### RECORD EXCERPTS
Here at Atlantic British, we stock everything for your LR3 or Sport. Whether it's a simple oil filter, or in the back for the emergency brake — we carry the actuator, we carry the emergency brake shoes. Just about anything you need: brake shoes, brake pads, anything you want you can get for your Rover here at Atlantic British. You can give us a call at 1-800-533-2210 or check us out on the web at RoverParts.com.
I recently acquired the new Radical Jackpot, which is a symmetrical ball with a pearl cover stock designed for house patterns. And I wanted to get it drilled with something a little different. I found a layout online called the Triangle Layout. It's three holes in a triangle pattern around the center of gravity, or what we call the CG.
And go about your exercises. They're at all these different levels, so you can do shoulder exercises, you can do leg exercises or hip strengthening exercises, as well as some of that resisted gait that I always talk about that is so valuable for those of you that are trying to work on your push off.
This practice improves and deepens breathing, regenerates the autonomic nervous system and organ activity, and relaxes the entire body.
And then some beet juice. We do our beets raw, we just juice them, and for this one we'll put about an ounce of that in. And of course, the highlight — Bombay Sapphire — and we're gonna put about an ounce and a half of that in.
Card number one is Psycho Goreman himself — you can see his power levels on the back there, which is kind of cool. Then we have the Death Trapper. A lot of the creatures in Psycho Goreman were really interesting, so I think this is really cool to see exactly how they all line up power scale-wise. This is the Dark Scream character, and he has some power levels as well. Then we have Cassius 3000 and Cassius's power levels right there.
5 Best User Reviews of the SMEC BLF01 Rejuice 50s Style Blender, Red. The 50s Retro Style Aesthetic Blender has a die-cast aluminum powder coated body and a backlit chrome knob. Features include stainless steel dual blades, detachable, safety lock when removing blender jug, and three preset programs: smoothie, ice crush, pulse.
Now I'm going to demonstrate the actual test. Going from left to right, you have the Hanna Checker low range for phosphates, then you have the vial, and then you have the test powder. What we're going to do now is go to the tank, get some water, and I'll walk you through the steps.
--
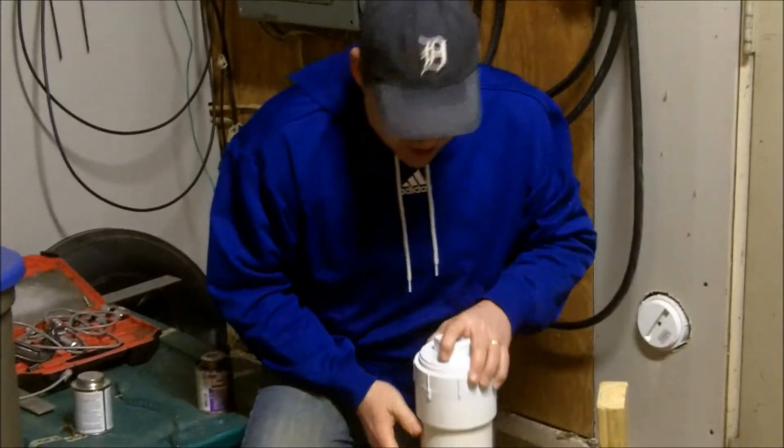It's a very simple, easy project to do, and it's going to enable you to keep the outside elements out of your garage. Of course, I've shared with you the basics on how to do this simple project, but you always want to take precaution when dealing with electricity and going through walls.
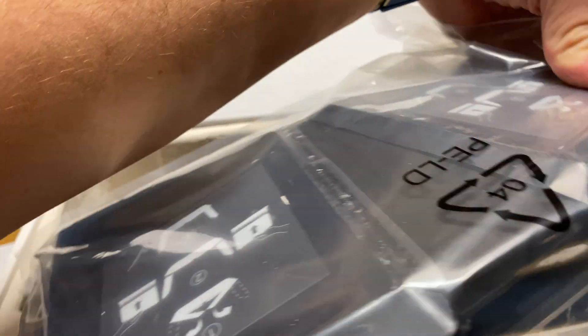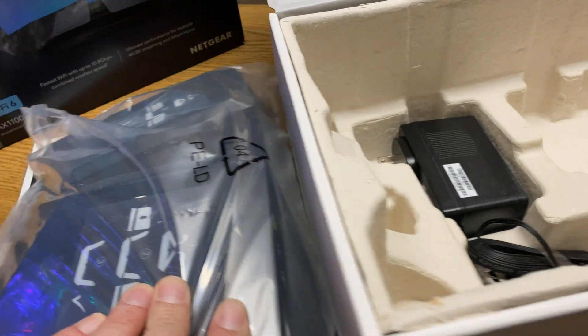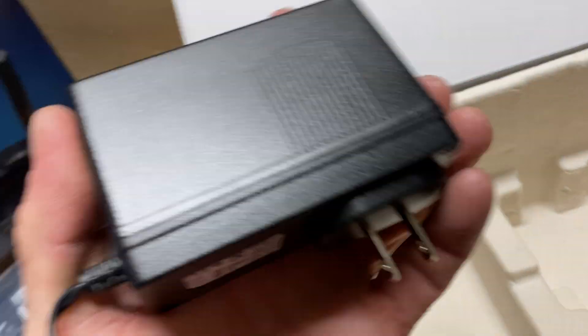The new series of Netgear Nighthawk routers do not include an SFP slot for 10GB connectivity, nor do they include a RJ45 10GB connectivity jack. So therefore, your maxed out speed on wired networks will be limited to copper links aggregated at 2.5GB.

### WORK REQUIRED
Give the number of lines in the entries that hold the string "stock", and add nothing else.

### EXERCISE ANSWER
2